Many a time I receive multiple challenges on a site despite having selected all images perfectly, and can't help but wonder, "Hey, are they getting me to do more work than necessary because they're running behind on their labelling backlog?". There's definitely a conflict of incentives in this case. If you're a website owner, you're better off choosing a different service which doesn't have adverse incentives, otherwise it can affect your site experience. And please don't put captcha on GET requests. Use a CDN if you're unable to handle bot load. And don't even get me started on CDNs that throw captcha.

MegaDeKay · 4 years ago

I've found it isn't about "perfection". It is about selecting the same tiles as an "average" person would. I might stare hard at an image, think that one of the tiles contains a tiny fragment of a traffic light, and select it. That isn't what most other people have already done, so the captcha thinks I'm a bot and gives me tougher and tougher challenges. Ever since I stopped pixel-peeping and started quickly selecting the tiles that obviously had a bus in them, the percentage of time that I've gotten by first try has gone way up.

azalemeth · 4 years ago

Google is _the worst_ for that. At least hCaptcha is a bit less culturally specific.

Every time Google blocks me for refusing to label a motorbike as a "bicycle" I get utterly pissed off. And likewise with the traffic lights on the californian skies. Are the traffic lights the actual lights themselves, or the boom holding them up?

I'm not a human very often, according to Google. hCaptcha tends to let me in...

zenexer · 4 years ago

I've noticed that some sites deliberately do this or have lousy code that fails to properly acknowledge captcha completions.
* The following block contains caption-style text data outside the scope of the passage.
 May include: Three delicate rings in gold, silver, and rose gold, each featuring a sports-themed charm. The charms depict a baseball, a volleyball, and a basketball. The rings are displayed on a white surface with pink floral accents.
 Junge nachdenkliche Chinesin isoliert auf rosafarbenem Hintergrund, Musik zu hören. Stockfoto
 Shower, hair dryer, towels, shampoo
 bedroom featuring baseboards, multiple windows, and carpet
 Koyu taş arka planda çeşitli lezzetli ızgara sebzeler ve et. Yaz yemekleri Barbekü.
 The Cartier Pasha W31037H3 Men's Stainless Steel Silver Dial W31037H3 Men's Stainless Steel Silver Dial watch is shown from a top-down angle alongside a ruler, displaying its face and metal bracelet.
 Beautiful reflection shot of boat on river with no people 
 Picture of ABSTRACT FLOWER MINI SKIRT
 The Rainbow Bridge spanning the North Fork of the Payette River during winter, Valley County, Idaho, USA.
Take archive.is/archive.fo/archive.today, for example. If you're using Cloudflare DNS (1.1.1.1) or iCloud Private Relay, and you visit https://archive.is/, you'll get what looks like a Cloudflare screening page. It's not, though: that page is part of archive.is and is served to Cloudflare DNS users (which includes iCloud Private Relay users)--the use of reCAPTCHA in place of hCaptcha is a giveaway. You can complete the captcha as many times as you like, but you'll never get in.

And how many times have we completed a captcha on a form only to have it throw another captcha in our face without so much as an error message? Sometimes it's just lousy code.

jjoonathan · 4 years ago

There's also a mode where it thinks you are a bot/sucker and gives you unlimited images until you give up. That's always fun.

Guest19023892 · 4 years ago

I believe this is done to get answers for unsolved captchas. For example, I have a million photos of streets filled with cars, buses, motorcycles, streetlights, and crosswalks I want to add to my captcha database. I don't want to categorize them all myself, and I want the answers to be what the average person will identify, not what I or a machine will identify.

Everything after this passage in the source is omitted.